Exercise details:
Skip the images. Copy the records exactly as written.

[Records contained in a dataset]
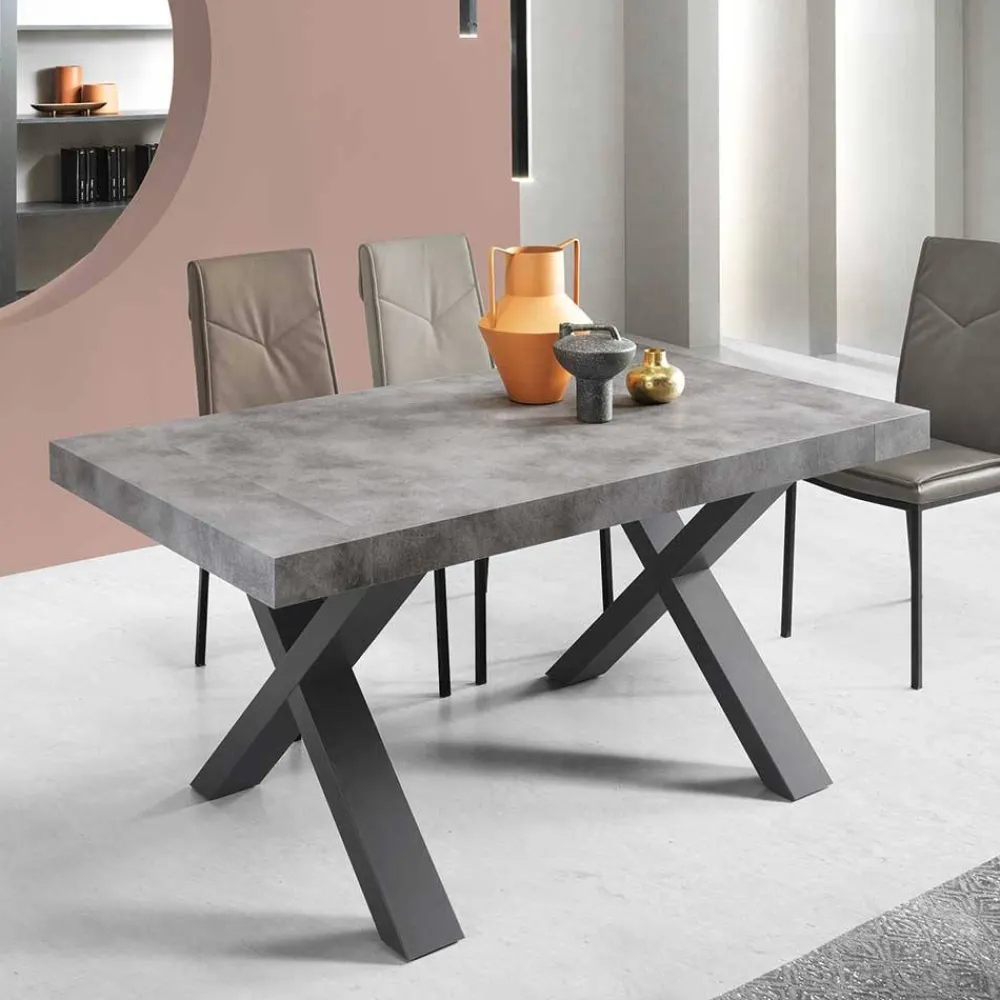 Wohnen Tische<Betonoptik Ausziehtisch mit zwei Einlegeplatten - Relisa
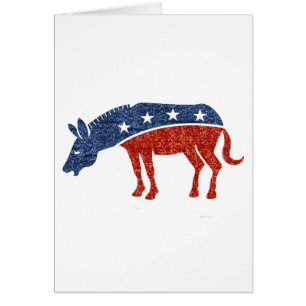 glitter democrat donkey cards
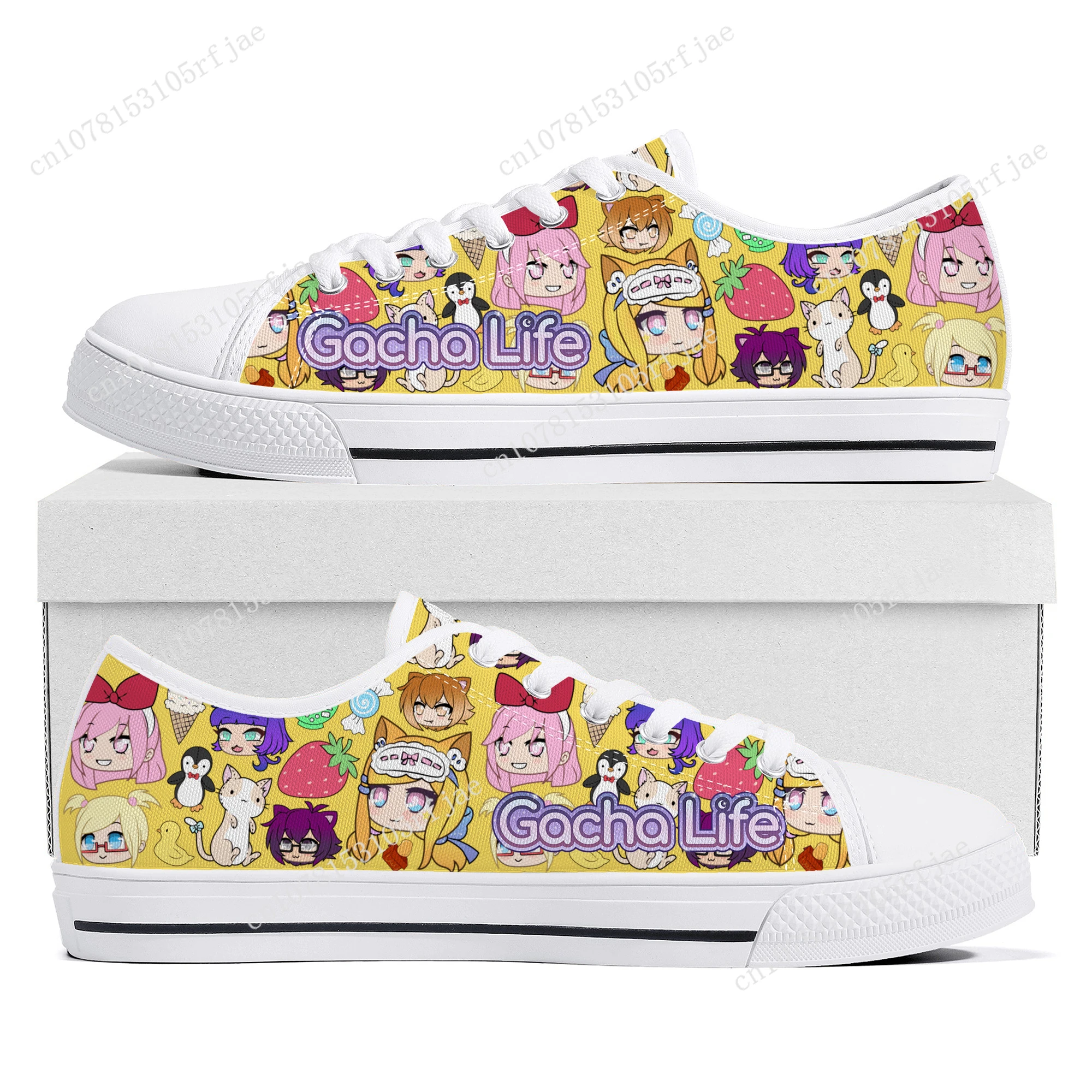 Gacha Life Low Top Sneakers Hot Cartoon Game Womens Mens Teenager High Quality Fashion Canvas Sneaker Couple Custom Built Shoes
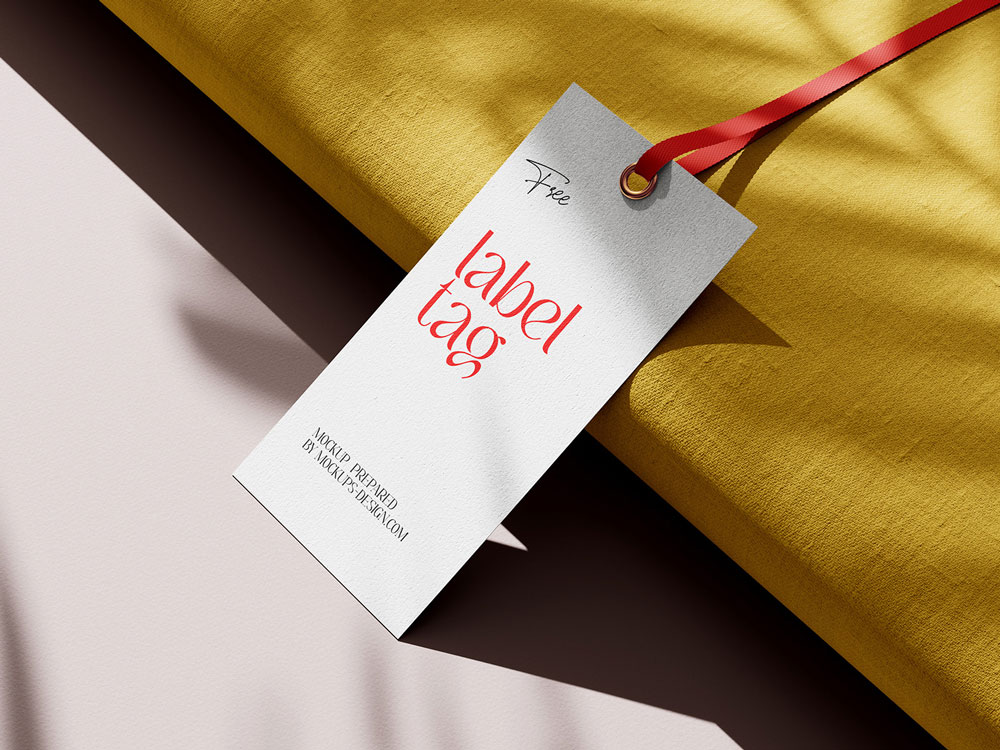 Free Rectangle Label Tag Mockup PSD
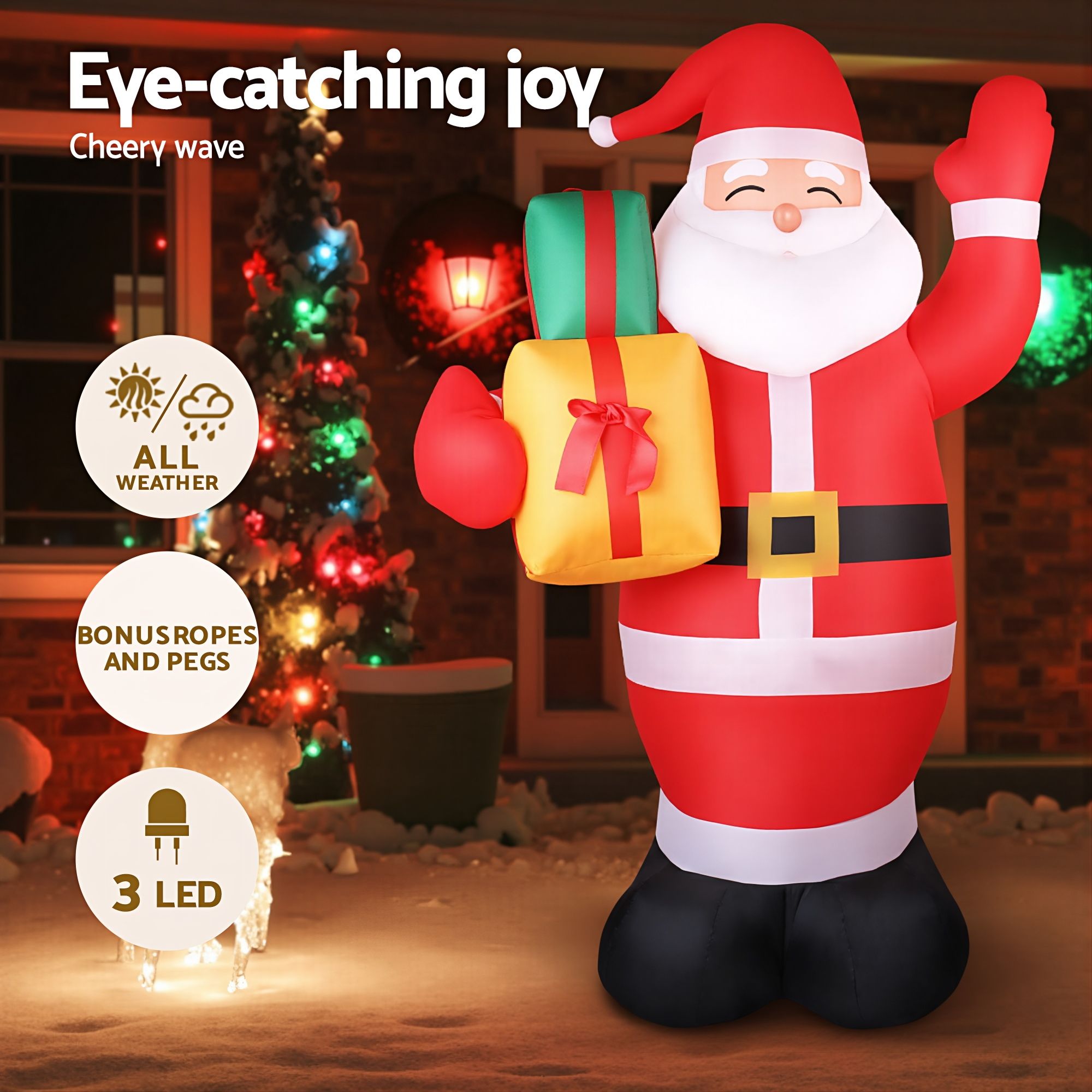 Inflatable Santa decoration with gift bag and raised right arm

Exercise answer:
 Wohnen Tische<Betonoptik Ausziehtisch mit zwei Einlegeplatten - Relisa
 glitter democrat donkey cards
 Gacha Life Low Top Sneakers Hot Cartoon Game Womens Mens Teenager High Quality Fashion Canvas Sneaker Couple Custom Built Shoes
 Free Rectangle Label Tag Mockup PSD
 Inflatable Santa decoration with gift bag and raised right arm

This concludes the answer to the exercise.